= Granite outcrops of Western Australia =

Landforms of Western Australia

Granite outcrops of Western Australia are weathered landforms that occur throughout the state of Western Australia, composed primarily of the rock type granite. All recognised types of this landform can be observed, commonly as bornhardts, but also as inselbergs, castle koppies and nubbins. Rising abruptly from the surrounding landscape they create a variety of microhabitats for plants, and provide seasonal resources and refuge for a range of animals. These areas thus have rich biodiversity and many endemic species. They are significant locations that tie in with the Aboriginal and European cultural heritage of Western Australia.

== Ecology ==
Granite outcrops in the state are ecologically complex and insular, often providing niches for ancient lineages of organisms that are relics of a wetter climate. These niches include unfractured rock surface that is covered in biofilm, composed of cyanobacteria that give massive rockfaces a characteristic colour. Crusts of lichens also appear, visible mats constructed by blue-green alga and fungal associations that may be up to a billion years old. Mats composed primarily of moss and spike-moss are also found when adequate moisture is available, which in turns provides opportunities for other organisms.
At least 1300 plant species occur on granite outcrops in Western Australia, many of which are endemic to these sites. Some of these plant species gain a purchase a clefts and fissures in the rock face, and trees or large shrubs may appear in a bonsai-form.
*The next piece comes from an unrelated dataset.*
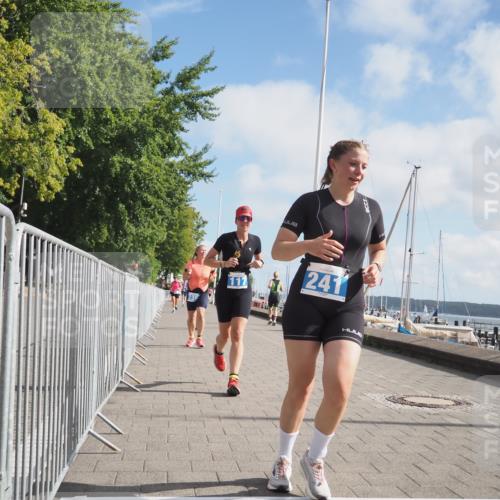 17.08.2025 - KN Förde Triathlon 2025 KatJ http://msf.ph/oto/8592680 17.08.2025 10:20:18 Laufen 110, 117, 235, 241 meine-sportfotos.de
Slabs of rock, split by exfoliation or cracked and pushed up to an A profile, form habitat that is cooler, damper, and secure for plant and animal species that are often specially adapted to the narrow environ.

Pools of rainwater known as gnammas often form on granite outcrops. These provide habitat to around 230 aquatic invertebrates, of which at least 50 are endemic to these pools, and provide fresh water to other inhabitants and visitors.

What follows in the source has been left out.